Cancer and Boundaries: What the Compass Told Me

Everyone has their orbits, their ranges of motion, their finite, functional horizon between the sun’s rise and fall. Before cancer, these were self-evident; I had no need to articulate them. My body had a momentum that fit the workaday arc of most people my age, and then some: I ran 5 and 10k races, worked out, gardened and wrote, all while maintaining a full-time job and a home. These were facts.

Once cancer entered my life, the ranges and orbits changed. I find myself wanting to find a finite word for those changes here, such as “narrowed,” or “were reduced,” or “became limited,” because in one sense those “reductions” in abilities were physical bricks. Truths. A gash where my breast used to be. My new swollen, compressed arm.

But words implying reduction aren’t entirely accurate either. I say this because reduction implies permanence and certitude. A “reduction in abilities” doesn’t encompass the sudden surfacing of a kind of necessary attentiveness to the body, which is always in flux, always changing. And the cancer body becomes amoebic in its illness: cells die and return, fears resurface, hair grows and falls, skin tenders after sutures and heals, muscles stiffen and restretch, and the mind learns a new vocabulary of being. “Scan” is no longer about the landscape outside; the word beams inward, searching for malignance. “How are you?” is no longer innocuous and quotidien; laden with the weight of mortality, the phrase becomes a question of life itself.

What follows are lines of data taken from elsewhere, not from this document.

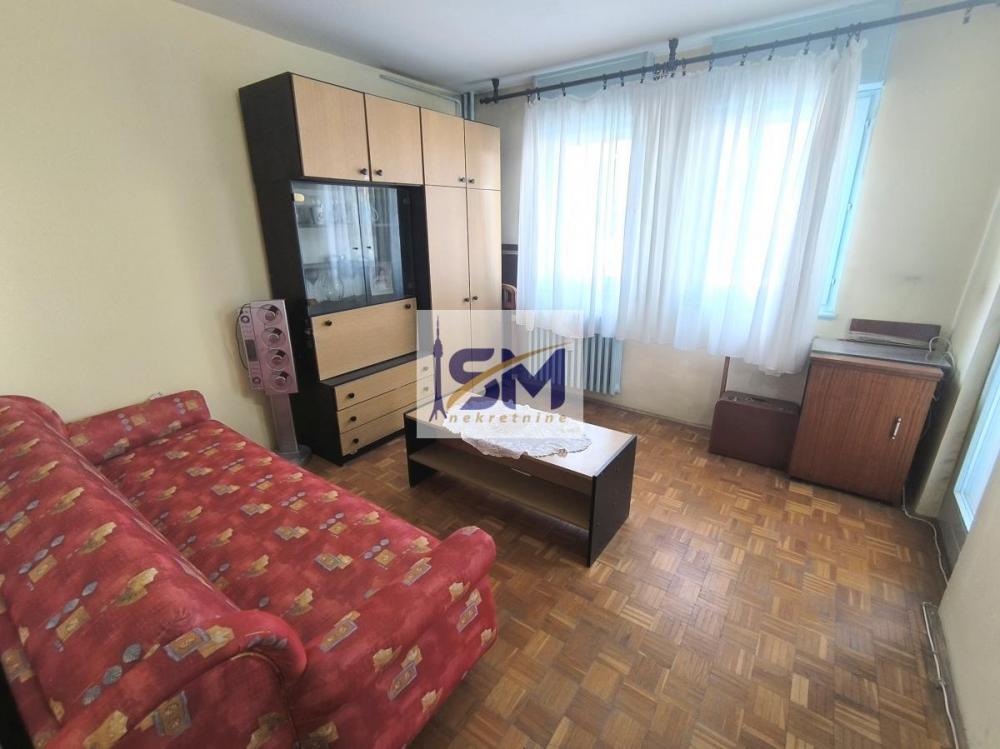 Stan na prodaju u Beogradu, Braće Jerković, dvoiposoban, 72m2, cena 203000 evra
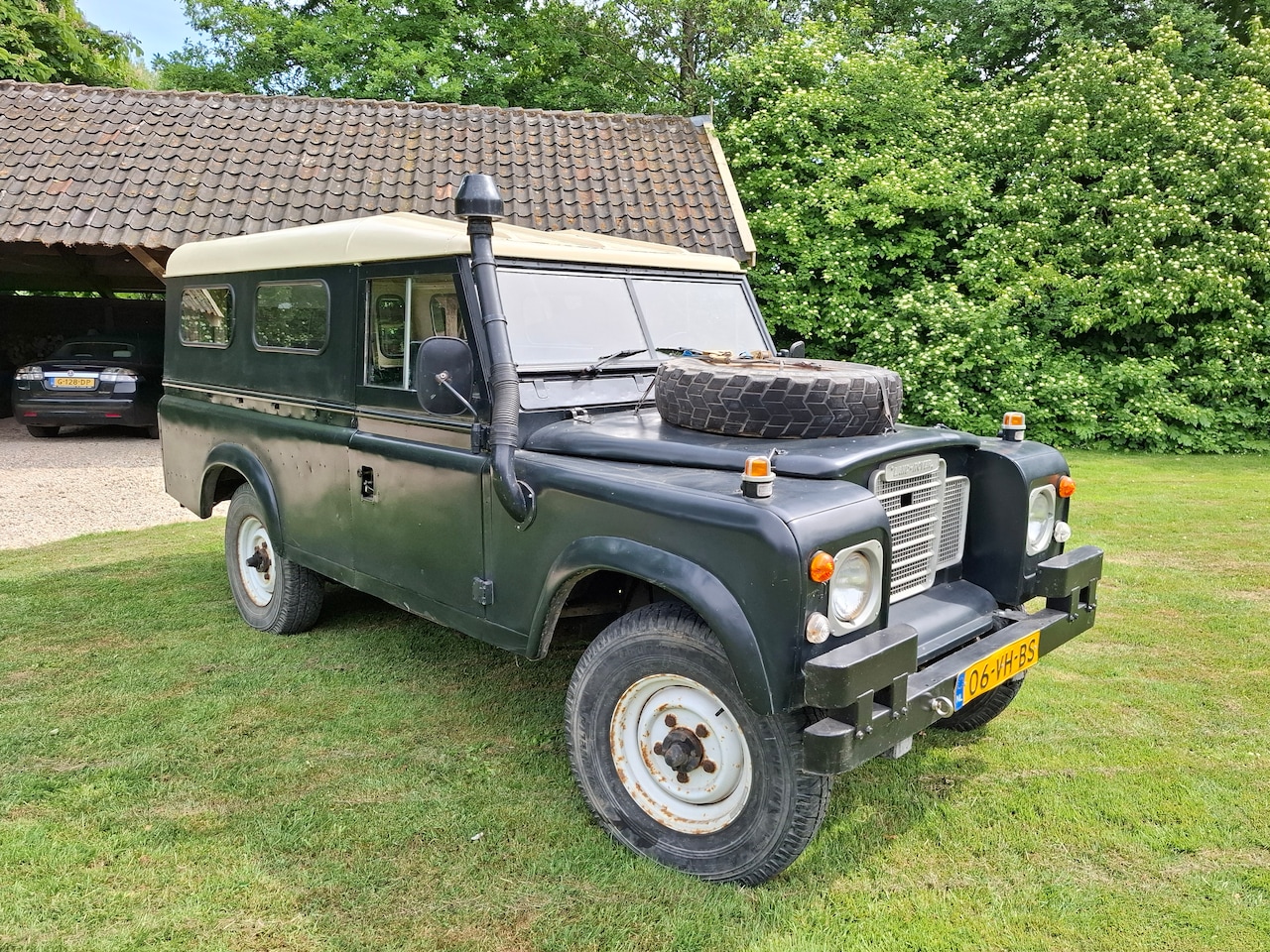 Land Rover 109 - 8persoons - AutoWereld.nl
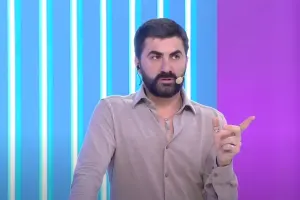 “Xalq artisti ad gününə gələn həmkarının arxasıyca biədəb danışırdı”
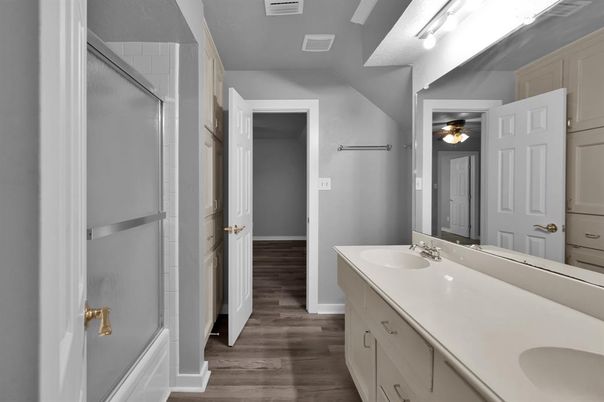 Bathroom, Dual Sink Vanities, Interior, Wood Texture Flooring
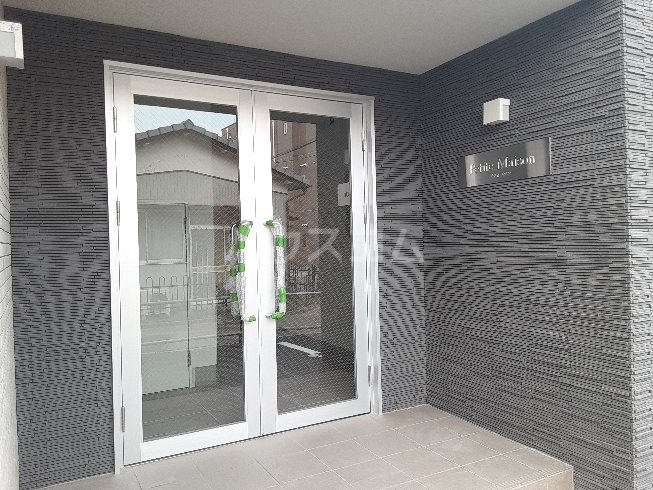 28/30 エントランス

How long will you live? What is happening in your body? How frightened should I, the asker, be? There is such freight with the language. A kind of lightness has been lost.

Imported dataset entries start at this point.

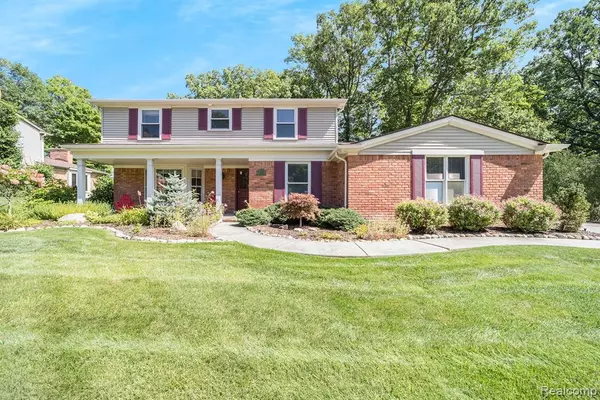 30310 LINCOLNSHIRE E, Beverly Hills, MI 48025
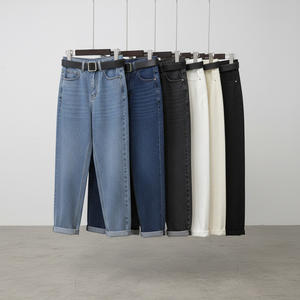 กางเกงยีนส์สีฟ้าอ่อนสำหรับผู้หญิง ขายส่ง กางเกงยีนส์เอวสูงทรงตรง แห้งเร็ว ผลิตในบังกลาเทศ - Product Image 2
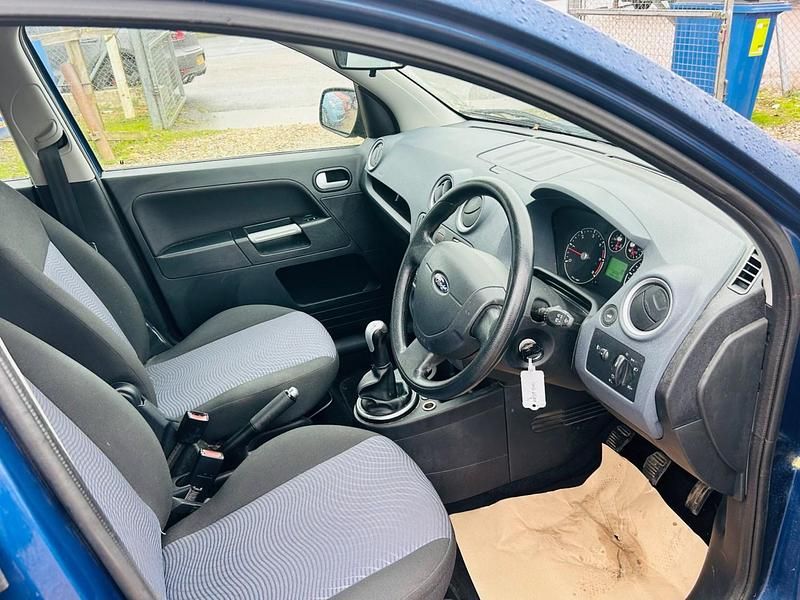 Used Ford Fusion Zetec 2010 Blue Hatchback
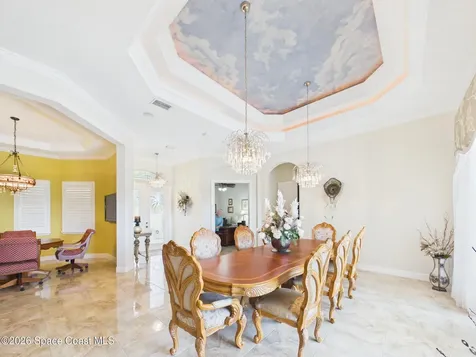1360 S Village Square Vero Beach FL 32966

And so, who am I in this new body? Where do I go? Bewildered in some desert, then a city, then a bed, then a corridor – who? Where? What?

One metaphor helps me now: the compass. It is astral in the sense of earth-only, grounded here and then here. It is a traveling re-orienter. To consult it means to know where the one thing is, which is “direction,” which is not a destination per se – for the cancer patient, true north, or “health” is an implied and ongoing possibility. Some of us are further from this than others. And some must close their eyes, rest, and stop.

The particulars:  My body is changing, not for the better. My tumor markers have increased, and despite eating and eating, I can’t gain weight. I get so very tired. Restless legs torture me in the evenings, and scans are coming up. Like the compass, the general sense must reground in the particular and its details. I am here now, and I consult and consult the gravity below. In my hand is a small circle. Not much else is known.

 

person holding compass
Photo by Valentin Antonucci on Pexels.com

 

 

 

9 thoughts on “Cancer and Boundaries: What the Compass Told Me”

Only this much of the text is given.